Alternative 3 - Reception

Reception

Within minutes of the programme ending, Anglia Television was flooded with telephone calls demanding more information. Callers were told the programme was a hoax. The Times on 21 June reported that "Independent television companies last night received hundreds of protest calls after an Anglia program, Alternative 3, gave alarming facts about changes in the Earth’s atmosphere. It was a hoax, originally intended for April 1st." It also pointed out that several of the characters in the programme were played by well known actors.

Nick Austin, who was editorial director of Sphere Books when Watkins' adaptation was commissioned and published, writes that the book was the "best chance I’d ever be likely to get to participate in a hoax of truly Guy Grand proportions — the best thing of its kind since Orson Welles' War of the Worlds radio broadcast."
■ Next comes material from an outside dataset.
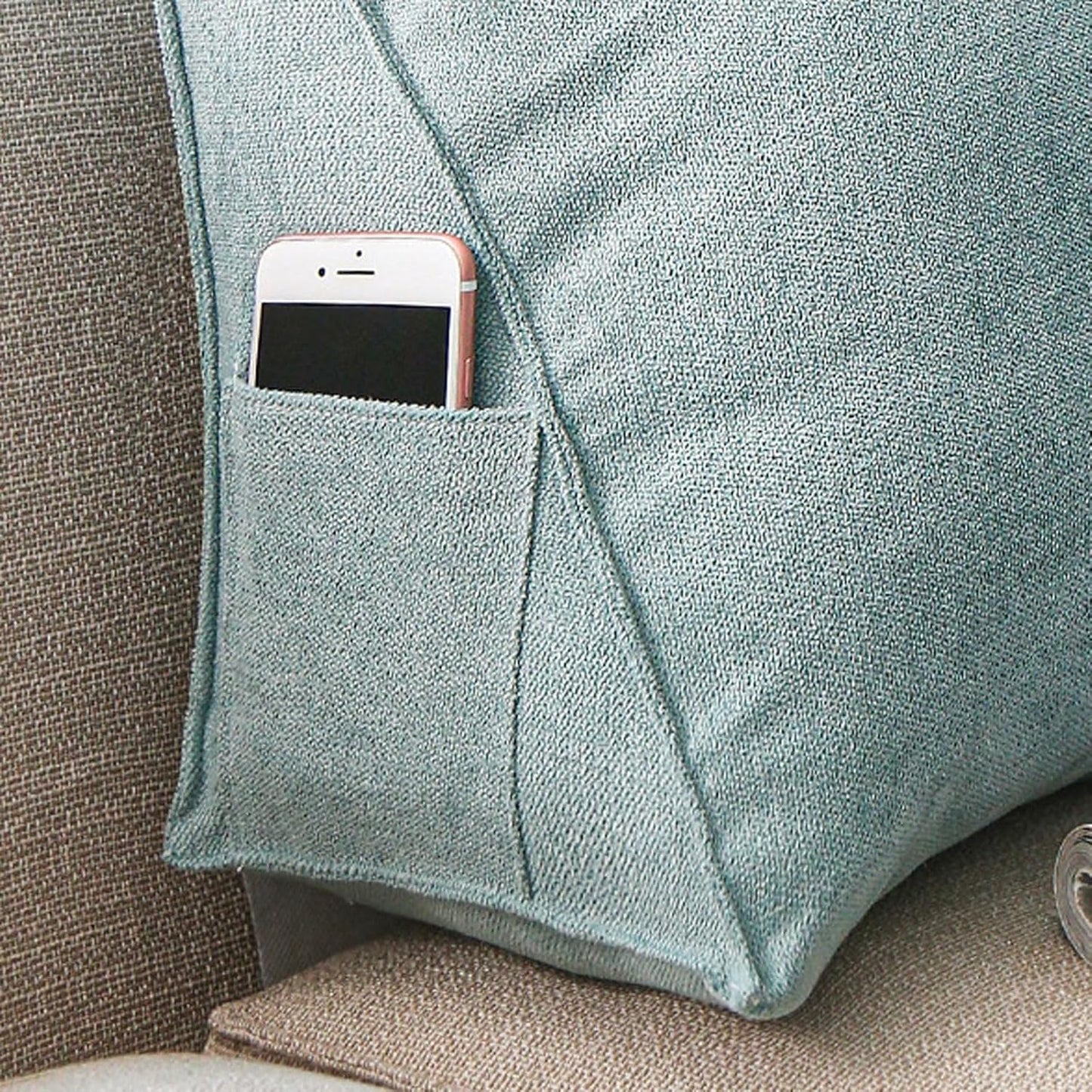 Triangular Couch Back Cushion Pillow, Large Wedge Headboard Reading Pillow with Removable Cover, Lumbar Back Support Pillow for Sofa, Bed, Office Chair(27.5x7.9x13.8 inch, Dark Blue)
Austin writes that he was both delighted and disturbed by the Alternative 3 controversy, and adds that the reasons "a clever hoax, openly admitted to be such by its creators, should continue to exercise the fascination it so obviously does the best part of a generation after its first appearance is beyond my feeble powers of analysis and explanation."

An article by Loy Lawhon reports that "everyone involved with the Alternative 3 documentary admits that it was fiction(.)"

One unsourced account reports that the producers of Alternative 3 "announced that the entire thing had been a joke."

A more detailed explanation of the hoax is featured in a study of conspiracy theory subculture and literature, Culture of Conspiracy: Apocalyptic Visions in Contemporary America (2003), wherein Michael Barkun devotes a few pages to Alternative 3.

Barkun writes that "Alternative 3 was clearly a hoax — and not only because it was intended for broadcast on April Fools Day. The interviews with supposed scientists, astronauts, and others were far too dramatically polished to have been spontaneous, and in any case, the episode's closing credits named the actors who took the roles of interviewees and correspondents. Though artfully produced, the show's counterfeit documentary style could scarcely have been expected to fool many. As an Anglia TV spokeseman put it, 'We felt viewers would be fairly sophisticated about it.'"

Barkun notes that television and newspapers were "swamped" with inquiries about Alternative 3 and that Anglia Television's sale of the book rights to Leslie Watkins caused the tale to spread far beyond the United Kingdom.